(Short descriptive text snippets)
=== Begin Enclosure ===

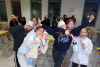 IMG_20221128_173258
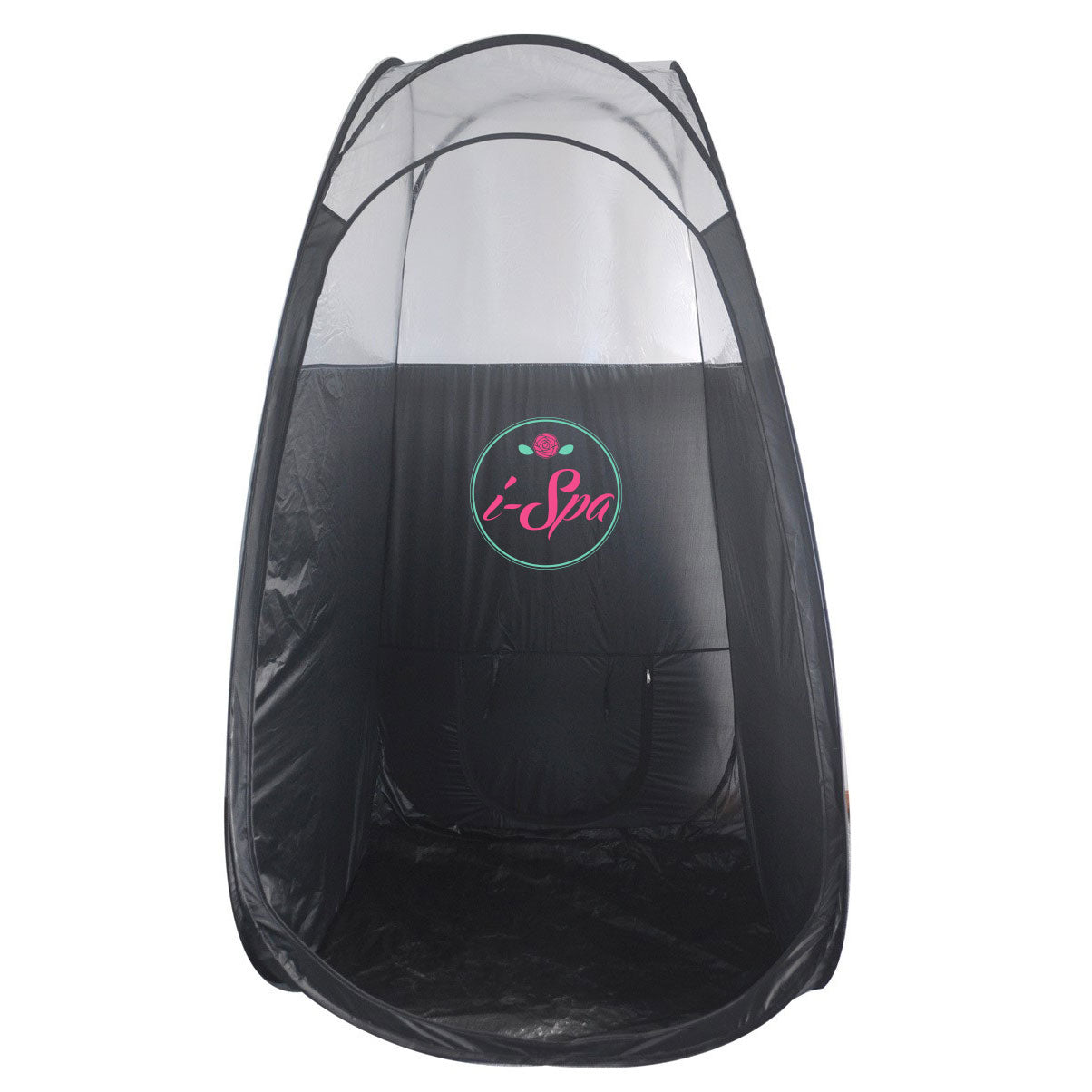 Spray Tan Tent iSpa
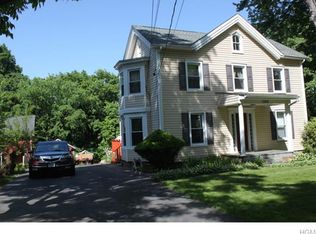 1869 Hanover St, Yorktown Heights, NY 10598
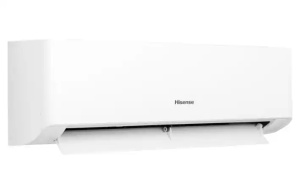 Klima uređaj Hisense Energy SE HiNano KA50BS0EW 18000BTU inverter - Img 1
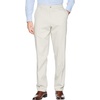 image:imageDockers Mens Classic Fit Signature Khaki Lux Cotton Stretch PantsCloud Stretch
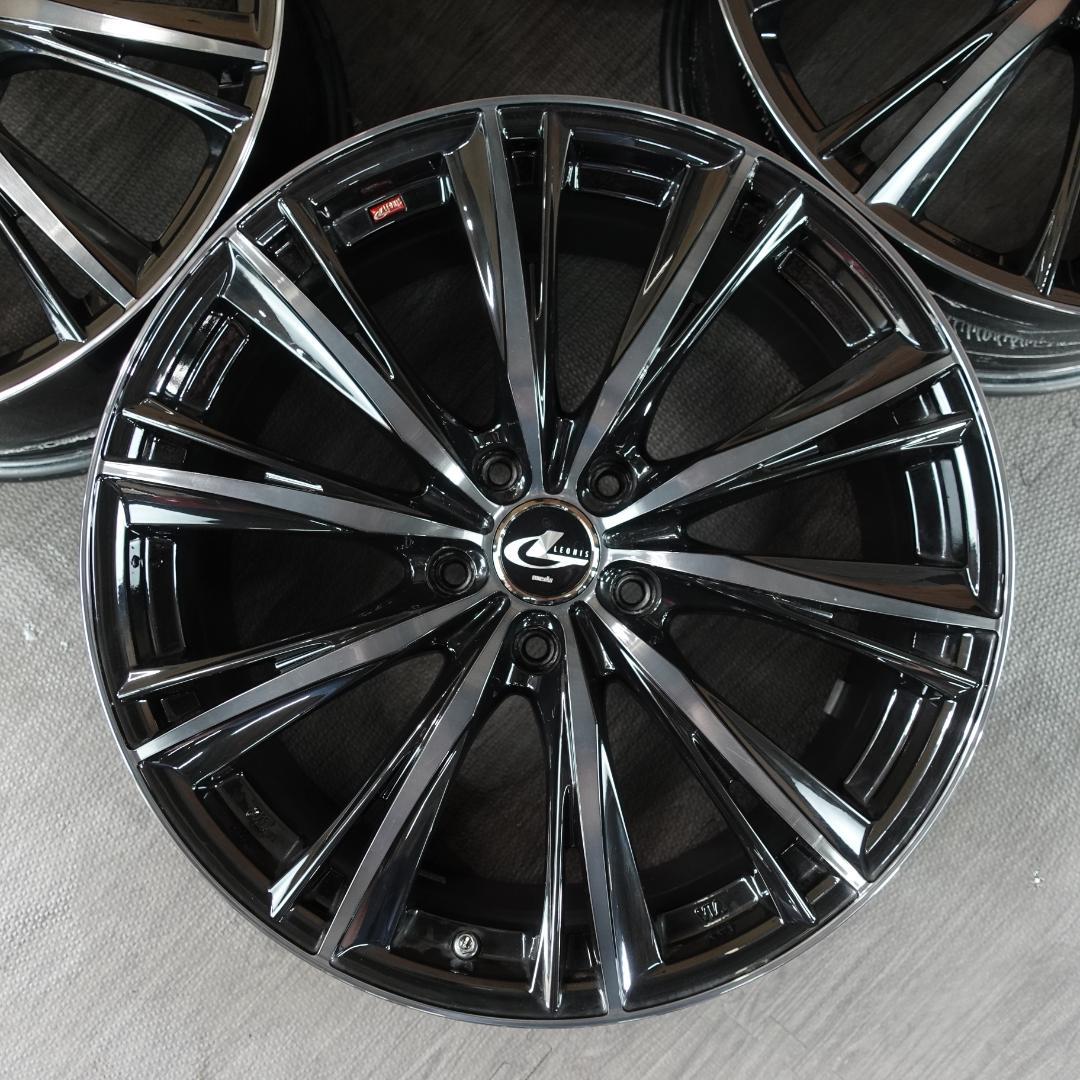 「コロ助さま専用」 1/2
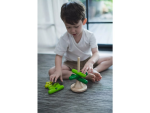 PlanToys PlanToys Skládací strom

=== End Enclosure ===

Your objective:
Give back the entries verbatim but drop every picture.

Response area:
 IMG_20221128_173258
 Spray Tan Tent iSpa
 1869 Hanover St, Yorktown Heights, NY 10598
 Klima uređaj Hisense Energy SE HiNano KA50BS0EW 18000BTU inverter - Img 1
 image:imageDockers Mens Classic Fit Signature Khaki Lux Cotton Stretch PantsCloud Stretch
 「コロ助さま専用」 1/2
 PlanToys PlanToys Skládací strom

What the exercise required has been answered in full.